Awaleh, 18, remembers the chat with her high school friends from Normal, Ill., rapidly became a whirlwind of anger and worry as they reacted to news that Alabama had signed a law making nearly all abortions felonies.
“I was pissed, to say the least,” Awaleh said. “I’m someone who has a uterus and I’m worried about Roe v. Wade. I don’t want my rights or my autonomy for my body infringed upon.”
So on Monday, Awaleh and her classmates joined hundreds of others at Federal Plaza downtown, where protesters carried pro-abortion rights signs and some dressed up as the women forced to bear children in Margaret Atwood’s dystopian book “The Handmaid’s Tale.”
Cook County Board President Toni Preckwinkle spoke at the rally, echoing Awaleh’s comments that the future of abortion rights was at stake in the U.S.
The county Democratic Party chair and former Chicago mayoral hopeful said Cook County was “blessed” with a health care system friendly to women’s reproductive health, including abortion access. But nationally, the right to choice was in danger, she said.
“Clearly, the Republicans have decided that this issue is one in which they can ride to success in 2020, and they are going to continue across the country and in their state legislatures to pass statutes that limit or eliminate the possibilities of choice,” Preckwinkle said. “This is not a time in which we can stand on the sidelines.”
The Alabama law, which is accompanied by other recent abortion bans in Kentucky, Mississippi, Ohio, Georgia and Missouri, likely will be challenged in the courts and could potentially allow the conservative-leaning Supreme Court to overturn the landmark ruling legalizing abortion in the U.S.
Protesters on Monday also pushed for Springfield to cement Democratic Gov. J.B. Pritzker’s vow in January to make Illinois “the most progressive state in the nation when it comes to standing up for women’s reproductive rights.”
They shouted their support for the Reproductive Health Act, a bill that would repeal restrictions on late-term abortions and mandate private insurance plans to cover abortions. It is currently sitting in the lower chamber of the statehouse.
The legislative session ends next week.
Some speakers at the rally shared personal stories of how the state’s abortion access laws made a difference in their lives.
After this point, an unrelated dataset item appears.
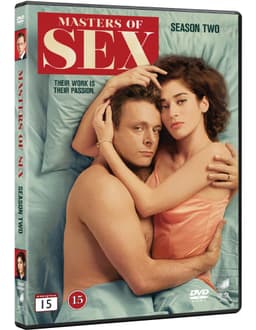 Masters of sex - Säsong 2 (DVD)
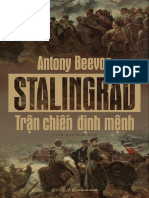 Stalingrad - Tran Chien Dinh Menh - Antony Beevor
Emily Lopez traveled from Elgin to take the stage and disclose that in June 2016, her doctor said the baby she had been carrying for 21 weeks had terminal health issues.
“We knew what we needed to do,” she said. “We made the heartbreaking decision to end our pregnancy. This was the hardest decision that we ever had to make, but it was our decision.”
Lopez said not everyone in her family agreed with that choice, but she knew it was the right thing to do. Should she carry her baby to term, the child would have seen “a very short existence filled with hospitals and pain,” she said.
After the rally, the women dressed as handmaids led the group in a march toward the Thompson Center. Phrases such as “We won’t go back” and “I am a product of women’s rights” rang through the crowd as people prepared to march, some snapping photos of the various signs bobbing up and down the street.
One sign declared, “I’m in Menopause. I’m not here for me! I’m Here for my Daughters! Our Daughters!”
Another said, “No more. Support Roe v. Wade.” A drawing of a coat hanger dangled between the two sentences.